Aberdeen School – Burrard Street

Seen here in this early 1900s Vancouver Public Library image, Aberdeen School was set back from the street with a huge yard in front. There had been a wooden school here from 1888; the West End School. (The East End School was in Strathcona). It was a four-room frame building, and soon considered inadequate. The 1889 Annual Report of the Principal, Miss M Hartney said “The attendance, however, would have been considerably larger were it not for sickness that was so prevalent among the children during the spring months. And this sickness, I am convinced, was much aggravated by the school grounds, which are in very unfavorable condition, and require immediate attention in order to preserve the health of pupils and teachers.”

The rapidly growing school population led to the construction of a replacement, Dawson School, which was on the east side of Burrard a little to the south. In 1908 another school was built here, for primary classes. It was named after the Governor-General of Canada. John Campbell Gordon, 1st Marquis of Aberdeen and Temair. Although it was built at a time when the permits have been lost, we know E E Blackmore designed it because his appointment was referenced in the School Board Annual Report in 1907.

The school operated until 1942 when the name was changed to Sir William Dawson School Annex or just plain Dawson Annex, and it operated in conjunction with the school down the road. Around 1949, when Jimi Hendrix was 7, in a 1968 interview he recalled staying in Vancouver, attending grade 1 at Dawson Annex, although his presence does not appear in any VSB records. While it’s often noted that he lived with his grandmother, Nora Hendrix, she lived in Strathcona, and it would have been a long way for a small boy to travel.
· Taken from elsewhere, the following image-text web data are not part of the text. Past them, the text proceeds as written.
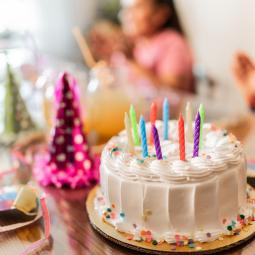 Un padre exige 1,83 euros por niño a los padres tras la fiesta de cumpleaños de su hija: "Pensaron que era una broma"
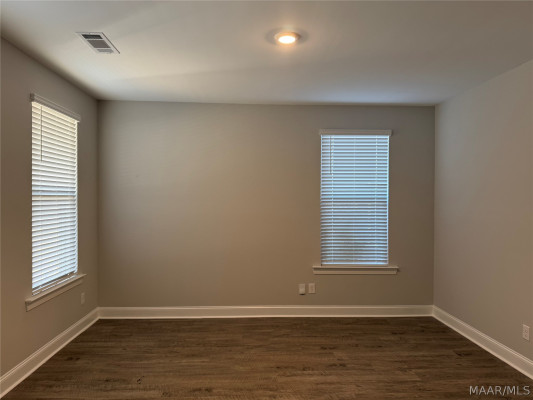 1632 Windsor Hill Lane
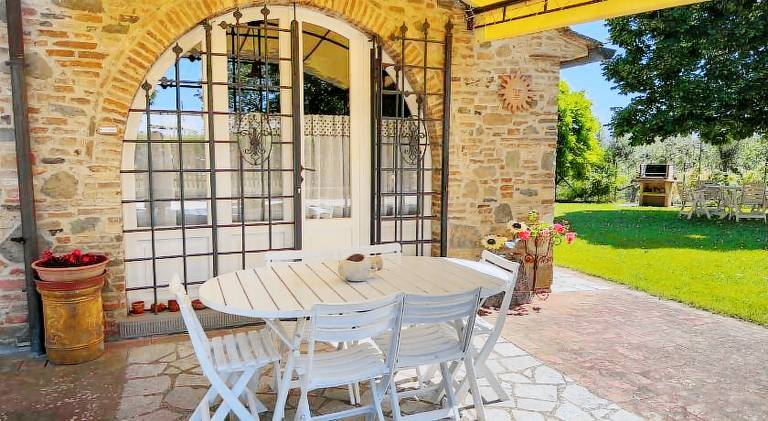 Vacation home with patio, pool & yard — photo 5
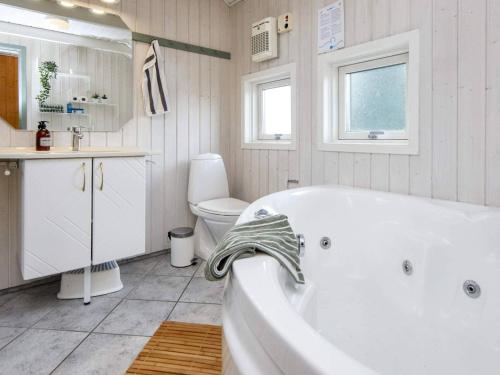 海耶斯Holiday home Hejls的白色的浴室设有浴缸和卫生间。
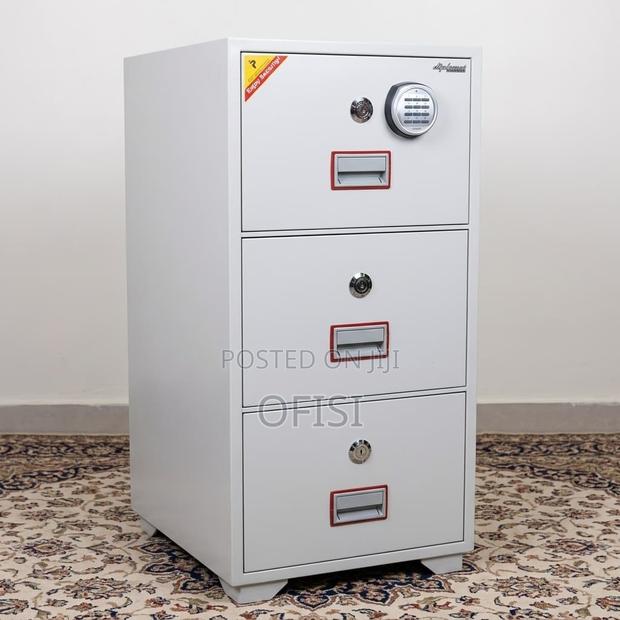 Office Cabinet; 3-Drawer Diplomat Fireproof Safe - thumbnail 5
It was more likely that he stayed with his aunt (her daughter), Patricia, who lived on Drake Street, and was five years older than Jimmy’s father. Her first husband, Joe Lashley, died that year, and she moved back to the States.
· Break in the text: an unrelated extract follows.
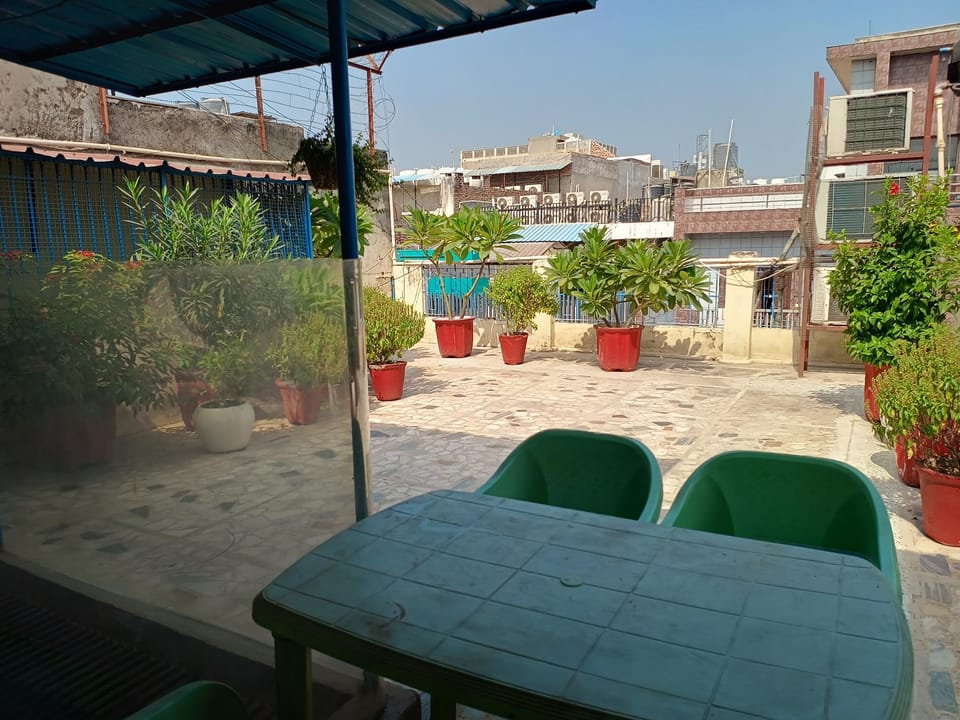 MAJOR'S DEN GUEST HOUSE Hotel in New Delhi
After a mini post-war boom in the 1950s the school closed in June of 1962, the students were absorbed into Dawson School at Burrard and Helmcken. The building sat vacant for several years and the school grounds were used as a parking lot for the B.C. Hydro building.

The building was demolished on April 1, 1969 (when Health and Safety rules were apparently less stringent, as this VSB image shows). After years as a vacant site, in 1991 a condo tower called Vancouver Tower was developed here, designed by Eng and Wright, with a two-storey IGA grocery store occupying the whole of the front of the site.